MYTH TWO: IF THE STATE FILES A TRAVERSE
THE MOTION MUST BE DENIED
The second myth that frequently prevents Defendants from filing a motion to dismiss under Florida Rules of Criminal Procedure 3.190(c)(4) is that if the State files a traverse the judge must deny the motion. However this is not the case. In State v. Kalogeropolous, 758 So.2d 110 (Fla. 2000) the Florida Supreme court stated that in order to overcome a motion to dismiss the State must set meet the minimal requirements of a prima facie case. Id.
If the defense believes the evidence is insufficient it is often a good idea to file a C4 motion to dismiss. Under Betancourt and Kalogeropolous the Defendant should be able to test the sufficiency of the evidence without the threat of admitting to the facts, or facing a harsher sentence if convicted at trial.
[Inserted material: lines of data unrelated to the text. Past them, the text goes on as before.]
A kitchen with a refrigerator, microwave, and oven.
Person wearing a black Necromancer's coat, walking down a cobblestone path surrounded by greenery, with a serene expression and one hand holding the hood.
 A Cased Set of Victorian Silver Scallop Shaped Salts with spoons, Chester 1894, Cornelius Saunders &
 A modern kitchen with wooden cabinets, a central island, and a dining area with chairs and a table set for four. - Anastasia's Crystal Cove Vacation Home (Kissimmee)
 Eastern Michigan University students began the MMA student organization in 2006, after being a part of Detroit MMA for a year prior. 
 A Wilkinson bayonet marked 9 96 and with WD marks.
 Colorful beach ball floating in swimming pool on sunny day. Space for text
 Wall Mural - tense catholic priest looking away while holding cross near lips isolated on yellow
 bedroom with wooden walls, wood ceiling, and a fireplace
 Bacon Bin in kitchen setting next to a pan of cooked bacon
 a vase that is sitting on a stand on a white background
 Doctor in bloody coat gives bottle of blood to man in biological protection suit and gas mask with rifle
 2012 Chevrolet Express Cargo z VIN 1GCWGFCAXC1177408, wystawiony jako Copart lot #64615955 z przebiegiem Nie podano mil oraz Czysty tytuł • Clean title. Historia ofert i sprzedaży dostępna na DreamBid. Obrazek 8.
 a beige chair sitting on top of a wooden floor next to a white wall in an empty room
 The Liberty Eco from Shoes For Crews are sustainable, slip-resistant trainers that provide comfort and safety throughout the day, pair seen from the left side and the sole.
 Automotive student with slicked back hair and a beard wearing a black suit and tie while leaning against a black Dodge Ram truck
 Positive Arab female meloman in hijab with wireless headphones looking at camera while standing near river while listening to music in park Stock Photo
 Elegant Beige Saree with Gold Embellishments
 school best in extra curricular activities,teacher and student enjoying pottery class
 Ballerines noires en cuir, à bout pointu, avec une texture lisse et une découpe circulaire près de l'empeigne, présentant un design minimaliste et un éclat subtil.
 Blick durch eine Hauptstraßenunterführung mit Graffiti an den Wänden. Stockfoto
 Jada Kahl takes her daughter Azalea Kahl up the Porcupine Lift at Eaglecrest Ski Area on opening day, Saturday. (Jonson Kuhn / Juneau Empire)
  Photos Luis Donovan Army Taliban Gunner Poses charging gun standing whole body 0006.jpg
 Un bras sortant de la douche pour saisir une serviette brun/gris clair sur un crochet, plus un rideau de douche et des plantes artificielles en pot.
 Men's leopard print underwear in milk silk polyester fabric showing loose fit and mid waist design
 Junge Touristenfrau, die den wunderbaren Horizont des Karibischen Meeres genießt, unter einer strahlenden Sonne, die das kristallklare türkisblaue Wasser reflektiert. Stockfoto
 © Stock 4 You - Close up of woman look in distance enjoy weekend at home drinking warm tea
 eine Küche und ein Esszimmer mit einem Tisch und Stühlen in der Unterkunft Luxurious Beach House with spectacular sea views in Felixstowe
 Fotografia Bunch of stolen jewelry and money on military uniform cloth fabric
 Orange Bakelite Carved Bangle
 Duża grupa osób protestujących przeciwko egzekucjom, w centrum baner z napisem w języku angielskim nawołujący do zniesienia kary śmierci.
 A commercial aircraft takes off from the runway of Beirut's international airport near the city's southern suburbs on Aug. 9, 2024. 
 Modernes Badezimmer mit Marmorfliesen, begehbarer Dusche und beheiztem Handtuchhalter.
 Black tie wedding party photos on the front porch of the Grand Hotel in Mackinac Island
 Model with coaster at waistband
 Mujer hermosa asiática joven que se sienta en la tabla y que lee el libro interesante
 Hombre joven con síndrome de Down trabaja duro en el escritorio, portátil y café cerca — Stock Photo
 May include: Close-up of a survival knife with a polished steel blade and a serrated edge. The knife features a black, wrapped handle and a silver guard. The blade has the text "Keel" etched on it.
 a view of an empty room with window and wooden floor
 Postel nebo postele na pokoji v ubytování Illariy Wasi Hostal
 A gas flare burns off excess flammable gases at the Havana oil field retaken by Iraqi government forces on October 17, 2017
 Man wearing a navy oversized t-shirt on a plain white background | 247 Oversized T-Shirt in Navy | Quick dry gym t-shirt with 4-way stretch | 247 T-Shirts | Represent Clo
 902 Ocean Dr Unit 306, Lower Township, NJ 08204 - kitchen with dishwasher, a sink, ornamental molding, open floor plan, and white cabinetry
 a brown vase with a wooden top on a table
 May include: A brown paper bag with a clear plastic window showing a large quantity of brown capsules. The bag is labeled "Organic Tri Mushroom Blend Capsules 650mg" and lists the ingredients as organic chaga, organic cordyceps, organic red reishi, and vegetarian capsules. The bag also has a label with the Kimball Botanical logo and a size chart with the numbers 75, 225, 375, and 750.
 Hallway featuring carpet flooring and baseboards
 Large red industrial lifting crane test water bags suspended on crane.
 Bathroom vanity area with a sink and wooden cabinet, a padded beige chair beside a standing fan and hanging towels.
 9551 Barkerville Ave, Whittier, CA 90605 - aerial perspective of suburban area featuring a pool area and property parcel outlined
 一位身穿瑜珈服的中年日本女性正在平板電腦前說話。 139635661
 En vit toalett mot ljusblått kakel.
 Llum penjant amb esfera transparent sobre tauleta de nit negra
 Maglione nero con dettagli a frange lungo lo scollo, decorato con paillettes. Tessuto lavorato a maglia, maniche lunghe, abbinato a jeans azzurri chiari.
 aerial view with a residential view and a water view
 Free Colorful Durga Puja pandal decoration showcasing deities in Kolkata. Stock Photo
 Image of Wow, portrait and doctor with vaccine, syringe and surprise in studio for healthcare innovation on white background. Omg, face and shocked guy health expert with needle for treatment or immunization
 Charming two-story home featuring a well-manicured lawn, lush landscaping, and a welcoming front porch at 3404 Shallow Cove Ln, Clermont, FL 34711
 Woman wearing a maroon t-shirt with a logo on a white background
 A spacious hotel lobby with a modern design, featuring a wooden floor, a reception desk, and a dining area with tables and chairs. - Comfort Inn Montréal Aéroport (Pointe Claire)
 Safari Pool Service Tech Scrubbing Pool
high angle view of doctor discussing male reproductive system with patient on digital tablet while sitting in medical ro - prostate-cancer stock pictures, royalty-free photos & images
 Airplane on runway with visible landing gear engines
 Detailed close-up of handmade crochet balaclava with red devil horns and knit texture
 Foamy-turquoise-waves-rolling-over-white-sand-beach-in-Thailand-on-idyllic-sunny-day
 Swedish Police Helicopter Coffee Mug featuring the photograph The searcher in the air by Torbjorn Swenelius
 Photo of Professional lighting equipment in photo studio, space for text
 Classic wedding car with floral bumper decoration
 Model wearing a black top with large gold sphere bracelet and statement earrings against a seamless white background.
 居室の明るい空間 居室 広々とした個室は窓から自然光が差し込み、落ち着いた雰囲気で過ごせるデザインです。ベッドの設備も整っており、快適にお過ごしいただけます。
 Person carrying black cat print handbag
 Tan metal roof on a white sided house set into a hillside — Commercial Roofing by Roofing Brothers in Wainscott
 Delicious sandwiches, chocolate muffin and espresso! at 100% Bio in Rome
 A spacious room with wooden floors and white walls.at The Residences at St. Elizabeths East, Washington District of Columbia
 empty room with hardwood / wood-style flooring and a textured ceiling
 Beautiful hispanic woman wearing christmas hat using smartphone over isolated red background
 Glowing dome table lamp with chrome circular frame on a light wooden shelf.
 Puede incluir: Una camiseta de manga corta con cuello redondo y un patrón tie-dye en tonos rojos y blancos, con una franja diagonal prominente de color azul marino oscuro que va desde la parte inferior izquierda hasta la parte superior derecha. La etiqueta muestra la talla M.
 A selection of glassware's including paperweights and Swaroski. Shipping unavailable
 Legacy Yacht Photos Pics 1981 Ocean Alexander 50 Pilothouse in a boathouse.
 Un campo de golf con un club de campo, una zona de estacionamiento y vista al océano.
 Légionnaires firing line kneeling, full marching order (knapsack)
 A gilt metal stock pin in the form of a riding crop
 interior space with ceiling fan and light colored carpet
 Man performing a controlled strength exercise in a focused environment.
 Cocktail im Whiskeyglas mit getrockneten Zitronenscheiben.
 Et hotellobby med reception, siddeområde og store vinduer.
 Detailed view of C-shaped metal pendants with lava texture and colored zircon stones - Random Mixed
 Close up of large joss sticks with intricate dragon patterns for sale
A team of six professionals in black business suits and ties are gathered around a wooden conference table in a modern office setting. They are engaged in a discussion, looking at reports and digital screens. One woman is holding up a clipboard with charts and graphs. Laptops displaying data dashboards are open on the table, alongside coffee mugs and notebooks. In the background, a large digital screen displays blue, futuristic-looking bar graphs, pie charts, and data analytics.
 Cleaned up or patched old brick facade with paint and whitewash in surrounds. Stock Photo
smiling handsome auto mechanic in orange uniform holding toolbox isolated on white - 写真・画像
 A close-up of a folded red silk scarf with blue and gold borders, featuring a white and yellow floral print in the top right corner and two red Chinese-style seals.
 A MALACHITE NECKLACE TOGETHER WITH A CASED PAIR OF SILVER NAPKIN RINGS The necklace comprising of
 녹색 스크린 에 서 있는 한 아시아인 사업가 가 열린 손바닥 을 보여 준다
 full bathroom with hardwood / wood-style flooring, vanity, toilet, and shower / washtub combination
Also being able to file a motion to dismiss without admitting the facts often results in a better resolution for the client.
Finally I think it is important to note that the purpose of the rule that the motion be sworn to is to subject those with personal knowledge to perjury. Therefore the Defendant should be able to file a motion to dismiss based on any testimony that is sworn to including arrest affidavits, transcripts, codefendant’s trials, or any other sworn document.